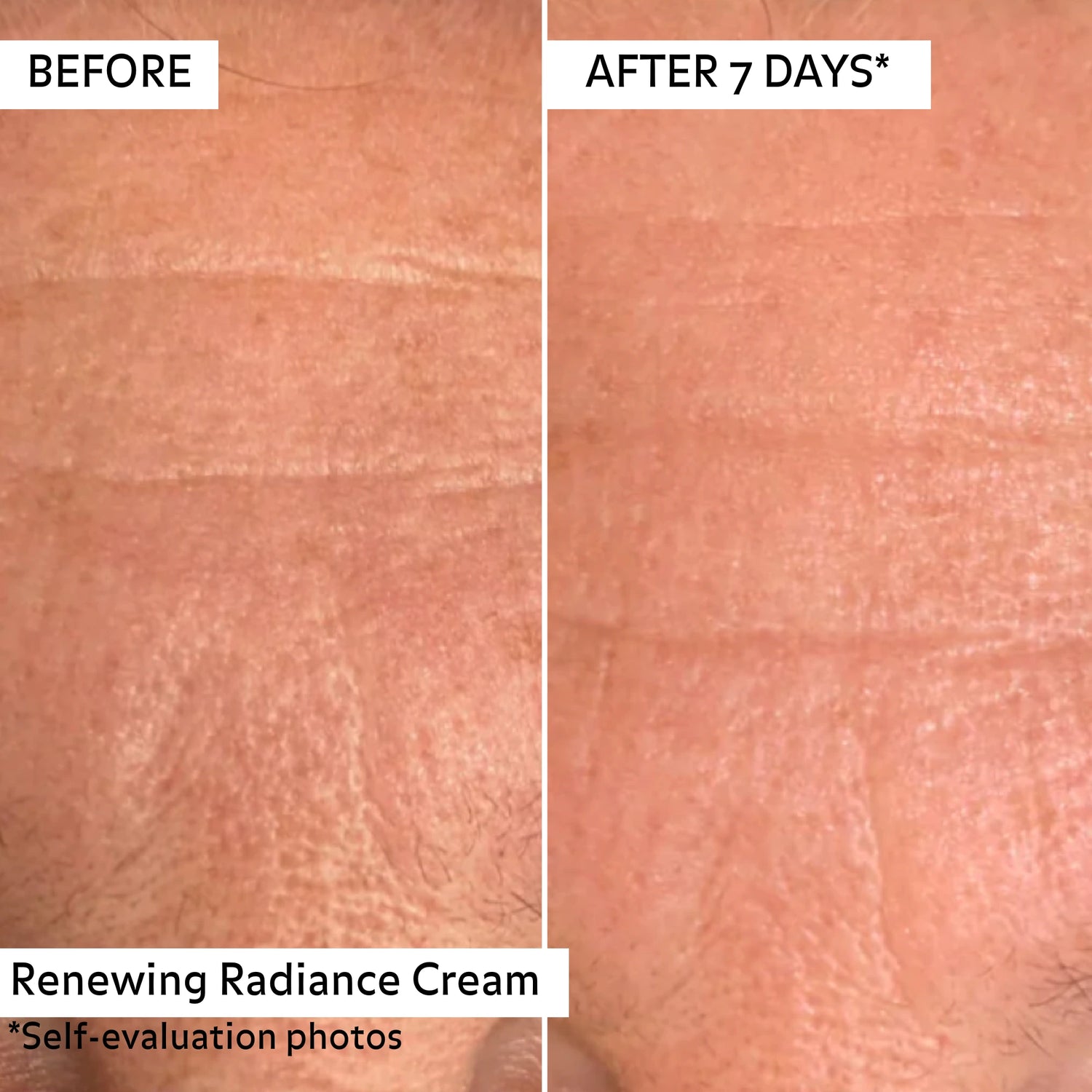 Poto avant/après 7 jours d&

...

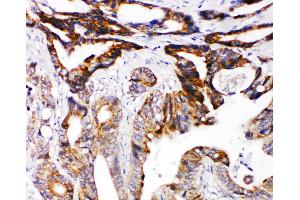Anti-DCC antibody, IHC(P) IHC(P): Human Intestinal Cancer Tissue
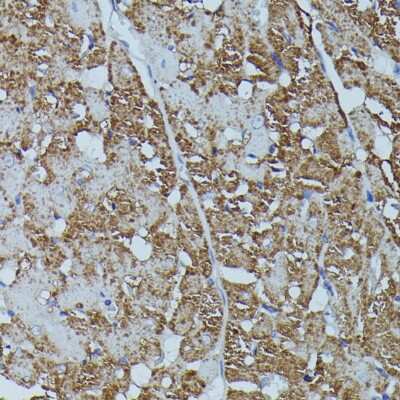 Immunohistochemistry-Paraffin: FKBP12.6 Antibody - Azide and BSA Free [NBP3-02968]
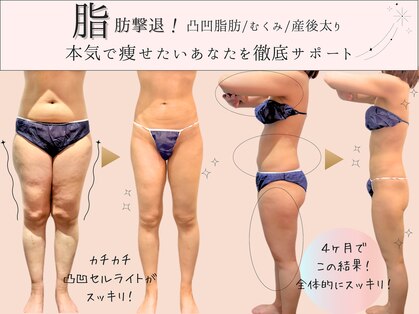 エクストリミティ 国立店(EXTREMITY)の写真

BRIEF | Copy word for word the span of the records above that begins at the line with "Anti-DCC antibody, IHC(P)" and ends at the line with "エクストリミティ 国立店(EXTREMITY)の写真", including those two lines but not the pictures.

RESPONSE TO THE EXERCISE |
Anti-DCC antibody, IHC(P) IHC(P): Human Intestinal Cancer Tissue
 Immunohistochemistry-Paraffin: FKBP12.6 Antibody - Azide and BSA Free [NBP3-02968]
 エクストリミティ 国立店(EXTREMITY)の写真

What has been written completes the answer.